(434c) Sparse-Identification-Based Predictive Control of Nonlinear Processes Using Noisy Process Data | AIChE

(434c) Sparse-Identification-Based Predictive Control of Nonlinear Processes Using Noisy Process Data

Authors 

Abdullah, F. - Presenter, University of California, Los Angeles
Wu, Z., University of California Los Angeles
Christofides, P., University of California, Los Angeles
Chemical process systems consist of numerous control loops to ensure operational stability and maximize yield. In industrial settings, advanced process control techniques such as model predictive control (MPC) are utilized to maintain stable operation and optimal process conditions. However, chemical processes such as catalytic reactors and distillation columns exhibit highly complex process dynamics such as severe nonlinearities and sensor noise in measurements [1,2]. Hence, modeling such processes involves a number of challenges. As MPC requires an accurate process model to predict the process states over a defined prediction horizon in order to optimize a cost function, a well-conditioned model must first be obtained. As large-scale process networks generally cannot be modeled adequately using first-principles analyses, data-driven modeling has attracted much attention, especially in the recent literature, due to the advances in machine learning and computational resources [3]. The results of machine learning techniques such as neural networks, support vector machines, sparse identification, etc. have largely been excellent due to their ability to capture most nonlinearities via extensive hyper-parameter tuning. However, the handling of noise in the application of machine learning techniques is a major challenge where significant room for improvement exists. This is because “noisy data” in the context of machine learning typically refers to miscategorized labels in classification problems rather than regression problems [4]. Hence, the aforementioned accuracies are not necessarily observed when the methods are applied to chemical processes with high sensor noise.

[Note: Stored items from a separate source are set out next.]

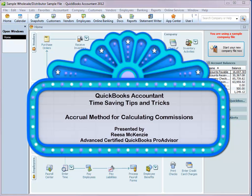This is Risa McKenzie, Advanced Certified QuickBooks Pro Advisor, presenting QuickBooks Accountant Time Saving Tips and Tricks.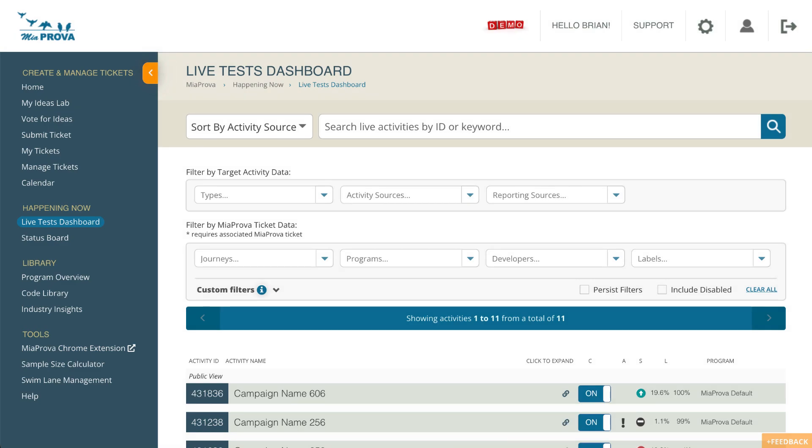Hello and welcome to MIA Prova. This quick video is to demonstrate some special use cases where organizations are using MIA Prova to provide program visibility into organizational metrics.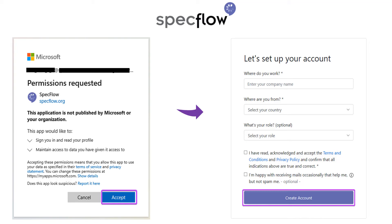Please accept the permission request to continue. Fill in the required account details on the next page and click Create Account. You will then see a message showing the successful activation of your SpecFlow account.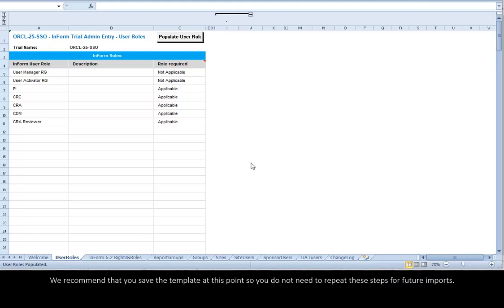We recommend that you save the template at this point so you do not need to repeat these steps for future imports.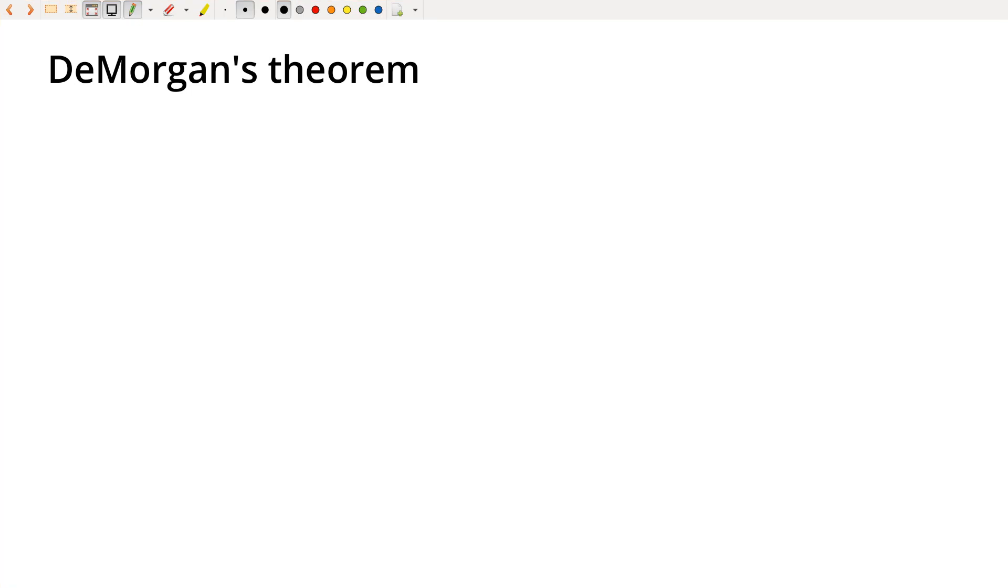DeMorgan's theorem is super important, so I want to spend just a minute going through that. Unlike many of the other theorems, DeMorgan's theorem is not at all obvious, and so I think it helps to actually write it out and prove to ourselves that this really does work.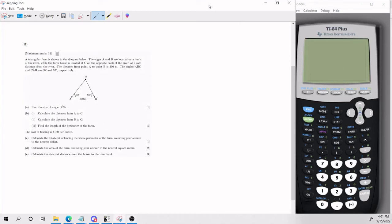Hello, everybody. Today we will be going over a trigonometry problem at the IB Math AISL level. Just a disclaimer, we will be using the sine rule a lot. This problem is particularly useful for learning the sine rule.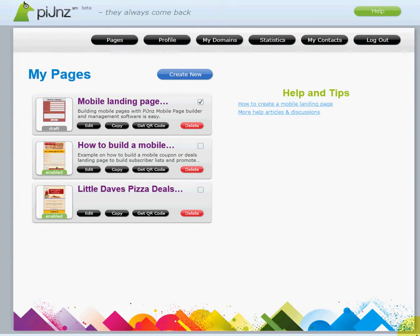Hi, in this example we'd like to show you just how easy and simple it is to create a mobile landing page that can capture your visitors' information, as well as how to make and deploy a mobile coupon or a mobile deals page.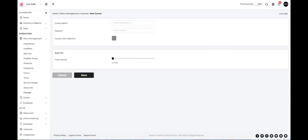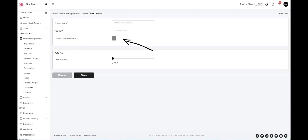Enter the designated information, including the course name, position in the sequence, and the desired color.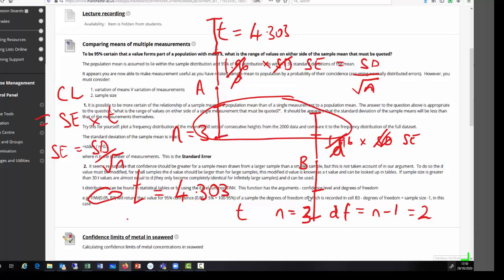You can now practice this yourselves by calculating confidence limits on metal concentrations measured in seaweed as a biomonitoring exercise.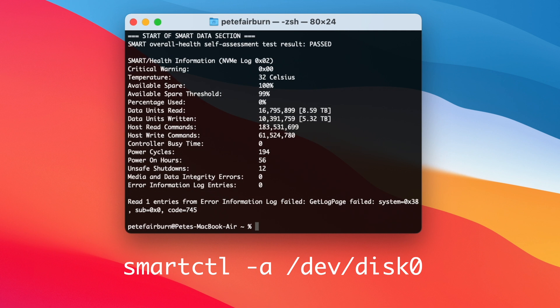This gives you results similar to the ones you see here. The data we want for our survey is the data units written and the percentage used. Of course, the figures from one MacBook Air are not enough to come to any conclusions.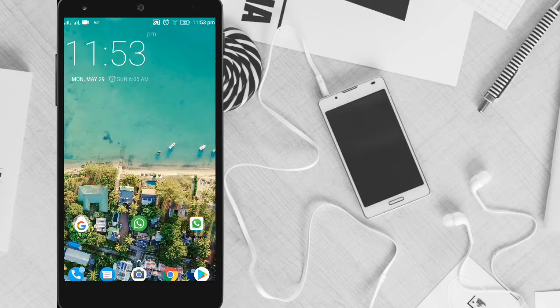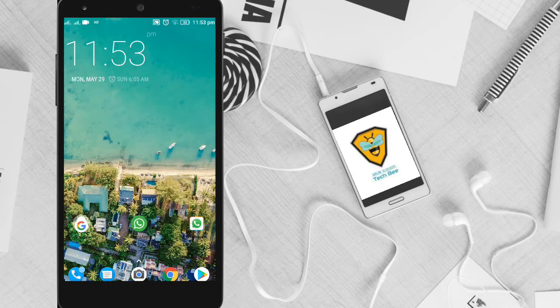Hello friends, once again welcome back to my YouTube channel. Now we are going to talk about the Android phone and we are going to talk about the application.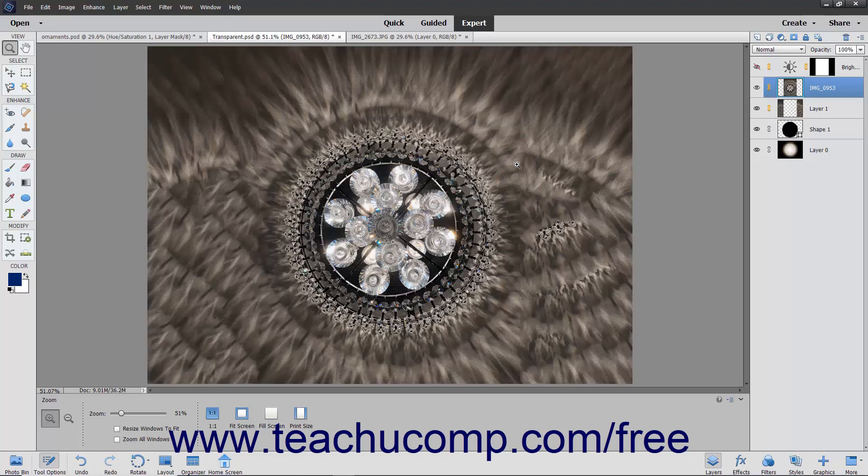For example, you could color all the adjustment layers using the red color so you can easily spot adjustment layers in the Layers panel.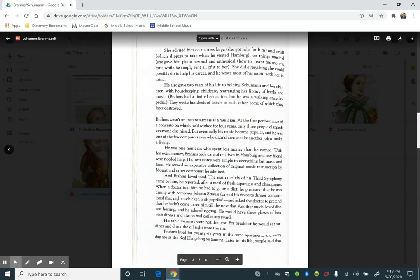He also gave two years of his life to helping Schumann and her children with housekeeping, child care, rearranging her library of books and music. Brahms had a limited education, but he was a walking encyclopedia. They wrote hundreds of letters to each other, some of which they later destroyed.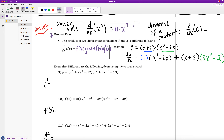The derivative of a constant with respect to x is equal to zero. If we look at the graph of a constant, we have a horizontal line — the function y equals c. The slope, which is the derivative at any point, is always zero, since every tangent line to a horizontal line is also horizontal, and the slope of a horizontal line is zero.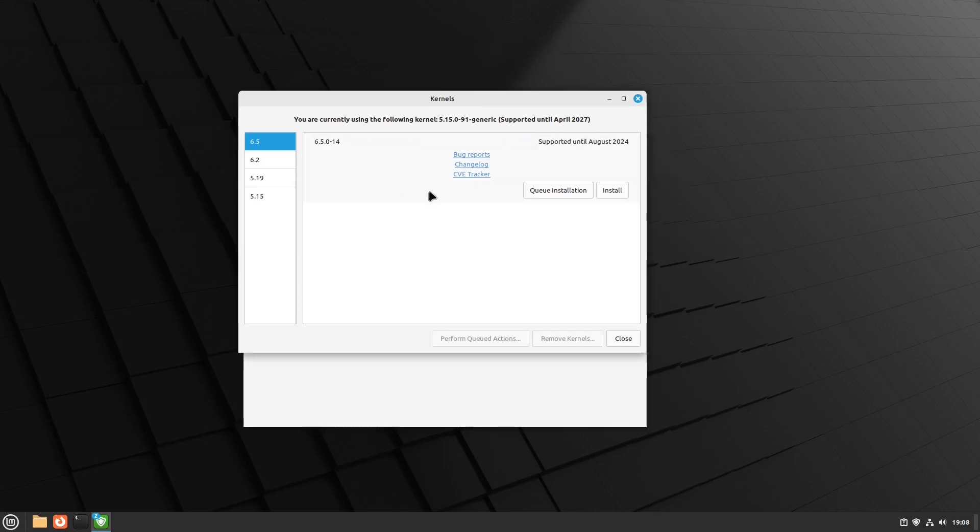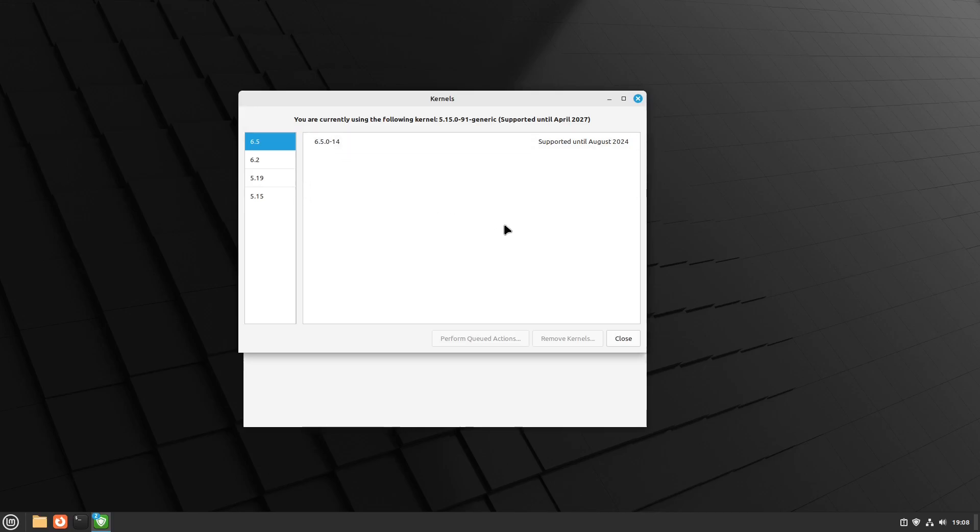Well, basically, the short answer is: if you have newer hardware, you won't be able to boot into the 5.15 regular Linux Mint. That's why you need the Edge version with the newer kernel. It's that simple.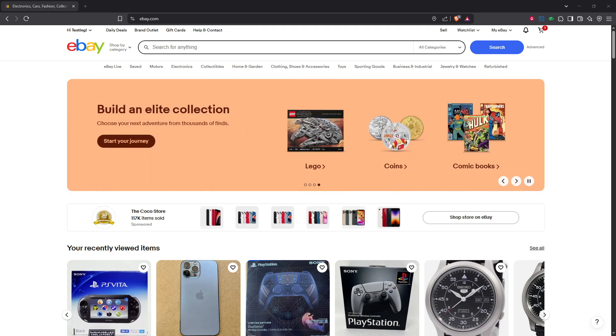First, you'll need to log into your eBay account. Start by navigating to the eBay homepage and enter your credentials to access your account.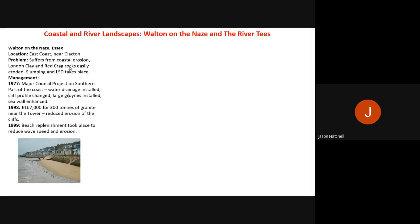The 1977 management project on the southern coast installed water drainage to reduce flooding, changed the cliff profile to reduce slumping, installed large groynes — the wooden structures going out to sea — to reduce longshore drift, and enhanced the seawall, shaping it so that incoming water reflects back out to sea.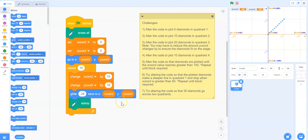You can see I have a Scratch program in front of me with seven challenges listed in the comments area. You might want to share the link to this program with students - the link is beneath this video - and then have them complete these seven challenges.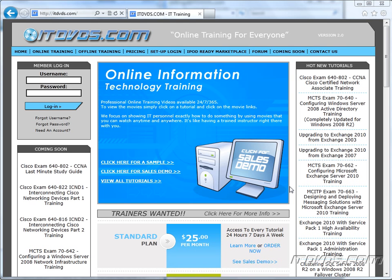Welcome to the ITDVDs.com YouTube channel. This is just a sample of the training available at ITDVDs.com. If you would like to see complete training, please go to ITDVDs.com. Now let's begin the sample.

Based on an extensive literature review, this limitation holds for sparse identification, which is the method primarily studied and developed in this work.

In this work, a nonlinear process model is obtained for a chemical process from noisy industrial data using sparse identification, a recent method that models nonlinear dynamical systems as nonlinear first-order ordinary differential equations [5]. A high-fidelity process simulator, Aspen Plus Dynamics, is used to simulate a chemical plant, and the measured data is then taken as the industrial data. Gaussian noise is added to the data set to generate a noisy industrial data set, which is used to identify a process model using sparse identification. However, due to the combined challenges of modeling the industrial data set and noise, the sparse identification algorithm is modified to produce multiple models with each model dropping out a number of library terms during model identification. This is similar to a regularization term to prevent overfitting. It is found that the model identified without dropout exhibits poor long-term predictions and does not reach the correct steady-state value, while the best model identified with dropout is able to predict the steady-state correctly and capture most of the transient behavior fairly correctly as well, leading to a controller with lower convergence time and energy.

References:

[1] Chang, H.-C., Aluko, M., 1984. Multi-scale analysis of exotic dynamics in surface catalyzed reactions-I: justification and preliminary model discriminations. Chem. Eng. Sci. 39 (1), 37–50.

[2] Lévine, J., Rouchon, P., 1991. Quality control of binary distillation columns via nonlinear aggregated models. Automatica. 27 (3), 463–480.

[3] Wu, Z., Tran, A., Rincon, D., Christofides, P.D., 2019. Machine-learning-based predictive control of nonlinear processes. Part II: Computational implementation. AIChE Journal. 65:e16734.

[4] Han, B. , Yao, Q. , Yu, X. , Niu, G. , Xu, M. , Hu, W. , Tsang, I.W. , Sugiyama, M. , 2018. Co-teaching: Robust training of deep neural networks with extremely noisy labels. In: Advances in Neural Information Processing Systems 31: Annual Conference on Neural Information Processing Systems, pp. 8536–8546

[5] Brunton, S.L., Proctor, J.L., Kutz, J.N., 2016. Discovering governing equations from data by sparse identification of nonlinear dynamical systems. Proc. Natl. Acad. Sci. 113 (15), 3932–3937.